■ **SUPPLIED MATERIAL**

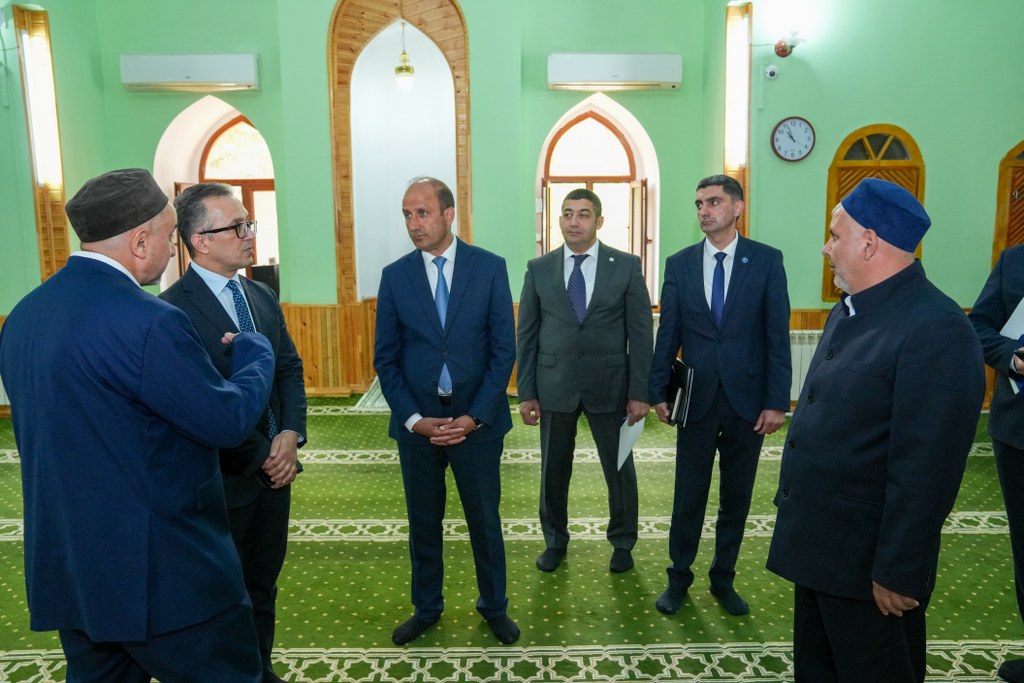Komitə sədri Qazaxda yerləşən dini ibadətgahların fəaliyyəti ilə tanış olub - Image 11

* * *

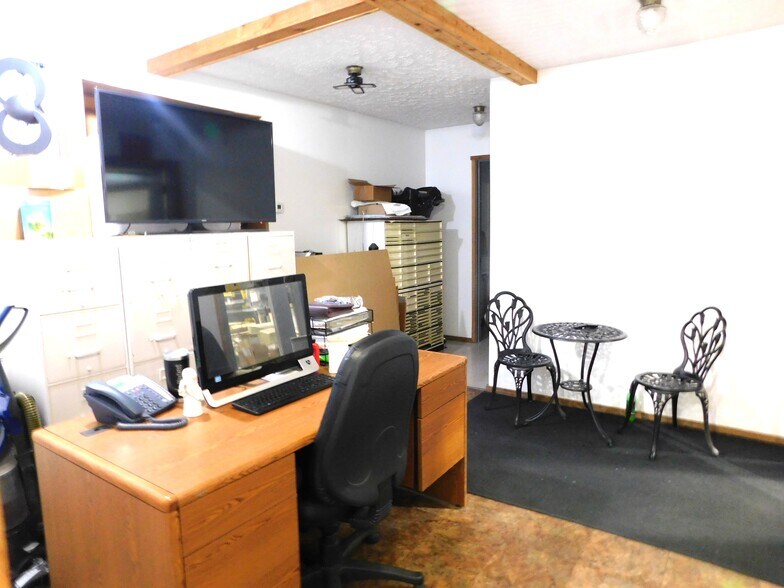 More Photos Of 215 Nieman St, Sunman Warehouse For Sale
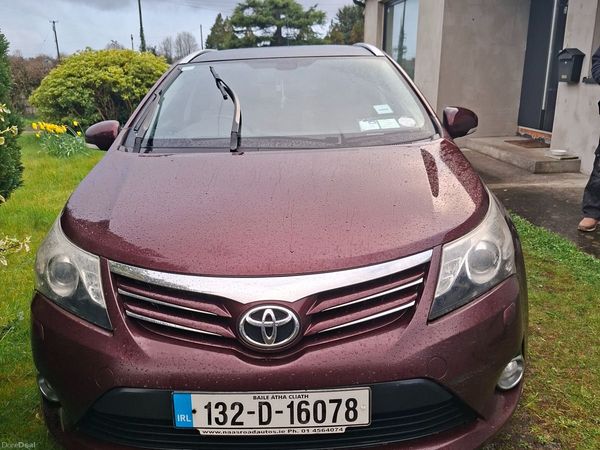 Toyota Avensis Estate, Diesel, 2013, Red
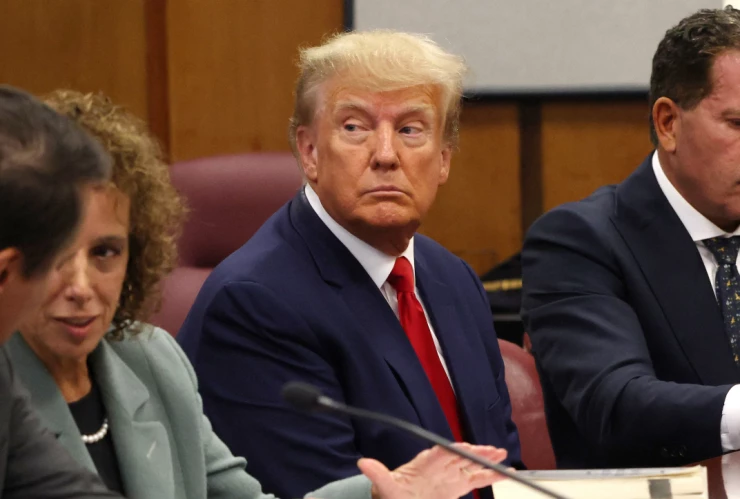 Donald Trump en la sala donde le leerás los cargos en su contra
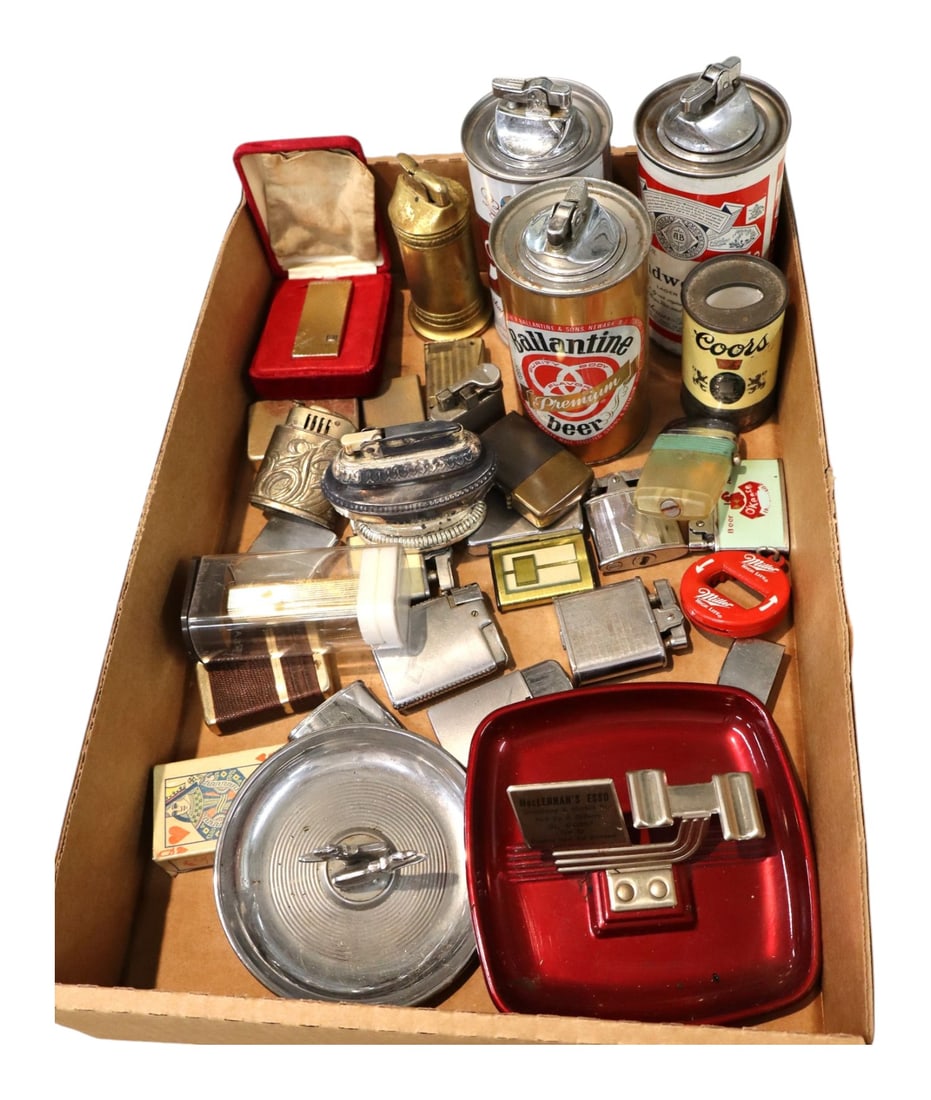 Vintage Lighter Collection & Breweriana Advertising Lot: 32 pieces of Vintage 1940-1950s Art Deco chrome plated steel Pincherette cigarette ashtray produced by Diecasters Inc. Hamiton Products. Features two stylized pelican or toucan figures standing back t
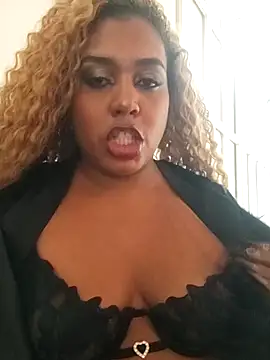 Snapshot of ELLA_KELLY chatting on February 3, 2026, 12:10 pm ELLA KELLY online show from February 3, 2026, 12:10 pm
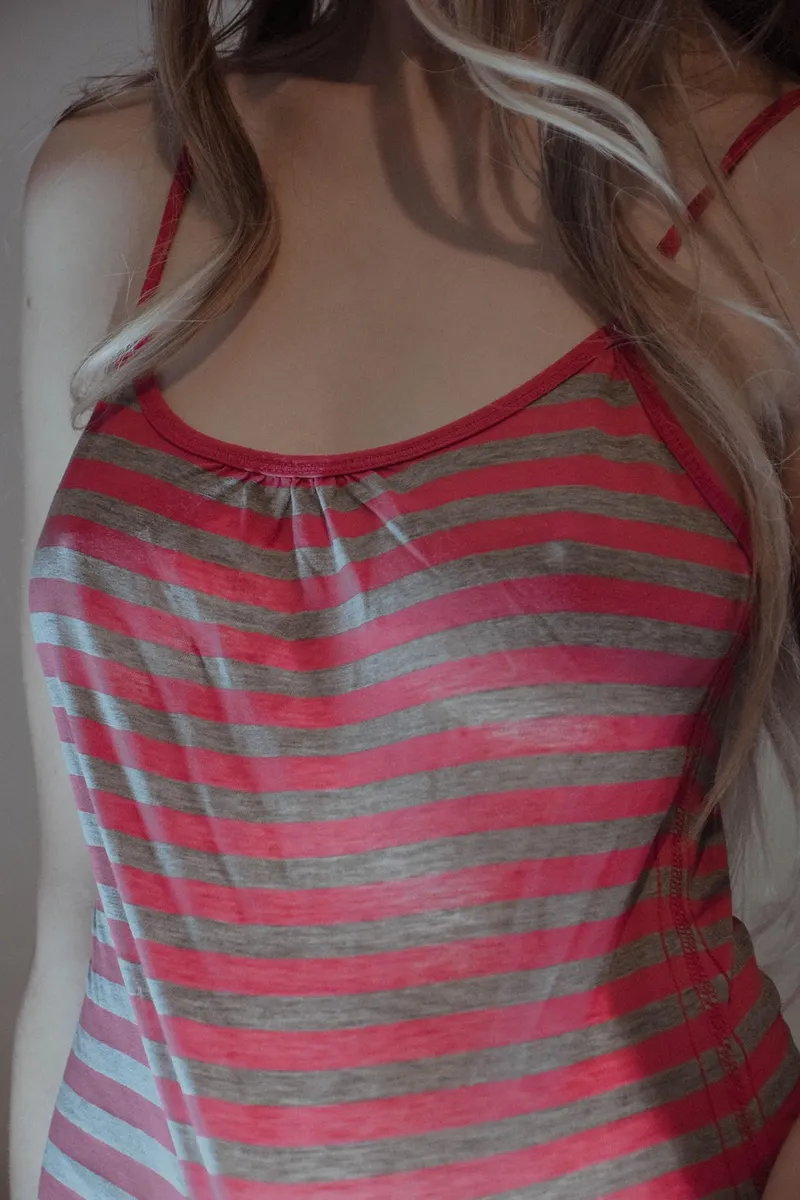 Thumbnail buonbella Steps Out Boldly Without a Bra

■ **EXERCISE DIRECTIONS**
Find where the line with "More Photos Of" sits in the material above and where the line with "Thumbnail buonbella Steps" sits. Set down exactly the lines from the first to the second, both included and nothing else, without pictures.

■ **REPLY TO THE EXERCISE**
 More Photos Of 215 Nieman St, Sunman Warehouse For Sale
 Toyota Avensis Estate, Diesel, 2013, Red
 Donald Trump en la sala donde le leerás los cargos en su contra
 Vintage Lighter Collection & Breweriana Advertising Lot: 32 pieces of Vintage 1940-1950s Art Deco chrome plated steel Pincherette cigarette ashtray produced by Diecasters Inc. Hamiton Products. Features two stylized pelican or toucan figures standing back t
 Snapshot of ELLA_KELLY chatting on February 3, 2026, 12:10 pm ELLA KELLY online show from February 3, 2026, 12:10 pm
 Thumbnail buonbella Steps Out Boldly Without a Bra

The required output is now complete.